Talvez “Nível Secreto” não seja um nome que vá movimentar um público enorme, mas ainda assim a série nasceu com um peso nas costas. Criada por Tim Miller (Deadpool) para o Amazon Prime Video, e produzida pela Blur Studio junto a Amazon MGM Studios, a série se apoia em um legado. Antes de sua estreia no último dia 10, o material de marketing explorou muito a frase “dos mesmos criadores de Love, Death & Robots“. Apenas uma das melhores séries antológicas das últimas décadas, definitivamente a melhor em termos de animação.
A escolha de publicidade é clara, e funciona. Mas é preciso saber que a ideia aqui mudou. Não se trata mais de uma profusão de novas ideias e abordagens estéticas experimentais. Em seu lugar, entra uma homenagem à grandes jogos, em geral recentes do mercado. Soma-se a isso o fato de que a Blur Studio possui vasta experiência em trabalhar com trailers animados de jogos populares, sempre buscando o apuro técnico, uma ação espetacular e uma história capaz de engajar o público.

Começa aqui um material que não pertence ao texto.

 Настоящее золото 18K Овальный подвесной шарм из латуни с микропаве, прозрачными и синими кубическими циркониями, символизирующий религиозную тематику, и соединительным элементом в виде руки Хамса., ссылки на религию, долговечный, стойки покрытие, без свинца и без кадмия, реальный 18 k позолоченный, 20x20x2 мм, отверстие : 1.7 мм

Uma nova onda de adaptações de videogames
De The Last of Us, da HBO, a Fallout, do Prime Video, Hollywood vive uma era de ouro das adaptações de videogames, transformando jogos clássicos em produções aclamadas por crítica e público. No cinema, The Super Mario Bros. Movie e Sonic: O Filme dominaram as bilheterias globais, enquanto na TV séries como Arcane e Castlevania expandiram as narrativas dos jogos, conquistando novos públicos. Essa tendência reflete o crescente reconhecimento dos videogames como uma forma de arte madura e rica em storytelling, além de atrair o apelo nostálgico dos fãs. Com títulos como God of War e Horizon Zero Dawn a caminho, o mercado de adaptações de jogos se consolida como um dos pilares mais promissores da indústria audiovisual contemporânea.

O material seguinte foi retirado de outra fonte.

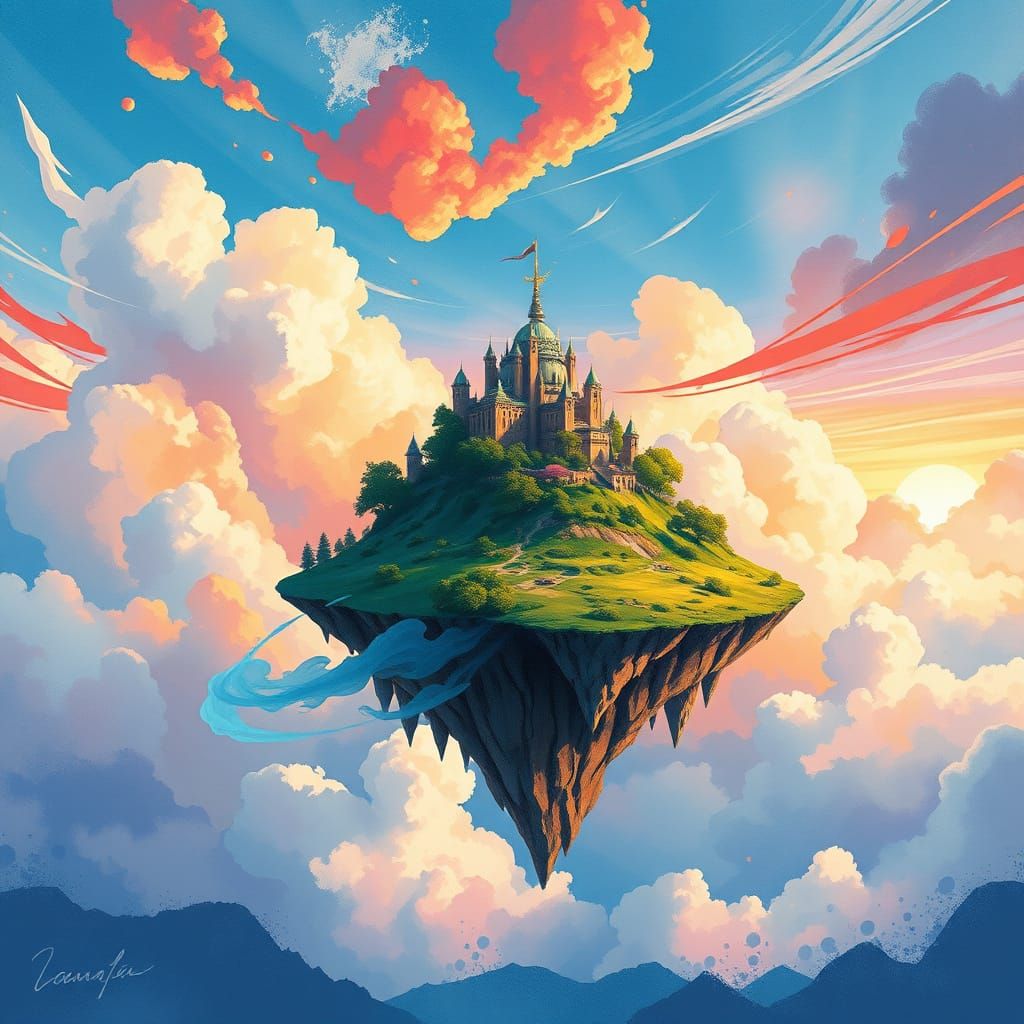 Floating Island in Vibrant Dreamlike Skies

A era das adaptações de jogos como piada ficou no passado. A própria industria dos videogames deixou de ser uma “coisa de criança” e passou a ter ares de mídia, com todos os bônus e ônus que isso trás nos dias de hoje. Isso inclui uma tentativa desesperada se parecer sempre cool e adulto. Que outra justificativa existe para transformar Pac Man em uma ficção cientifica hard, sombria e cheia de gore? Não estou brincando: o episódio do Pac-Man é provavelmente o mais sangrento de toda a série, transformando um jogo de arcade clássico em uma história brutal de sobrevivência com muito sangue e morte.
Ainda o desafio de adaptar a essência dos videogames
Apesar de sua proposta visualmente impressionante, Nível Secreto não consegue equilibrar o peso de sua homenagem aos videogames com uma narrativa engajante. A série, com episódios de curta duração (entre 7 e 17 minutos), entrega algo que se assemelha mais a trailers elaborados do que histórias completas. O episódio de Pac-Man, por exemplo, transforma o clássico jogo de arcade em uma distopia sangrenta e cheia de gore, talvez em uma tentativa de parecer “adulto” e sofisticado – algo que, paradoxalmente, pode afastar tanto fãs hardcore quanto novatos.
A reverência excessiva ao material original parece ter paralisado a criatividade. Ao invés de explorar mundos como o infantil e imaginativo Astro Bot, a série aposta em promover projetos como Concord, resultando em episódios que carecem de autenticidade e emoção. O resultado é uma homenagem que, ironicamente, parece ter vergonha de sua própria essência: celebrar os videogames em toda a sua diversidade, sem tentar validar seu valor através de um filtro excessivamente sério ou “maduro”.
Seria muito bom se esta nova homenagem aos videogames não tivesse tanta vergonha de homenagear videogames.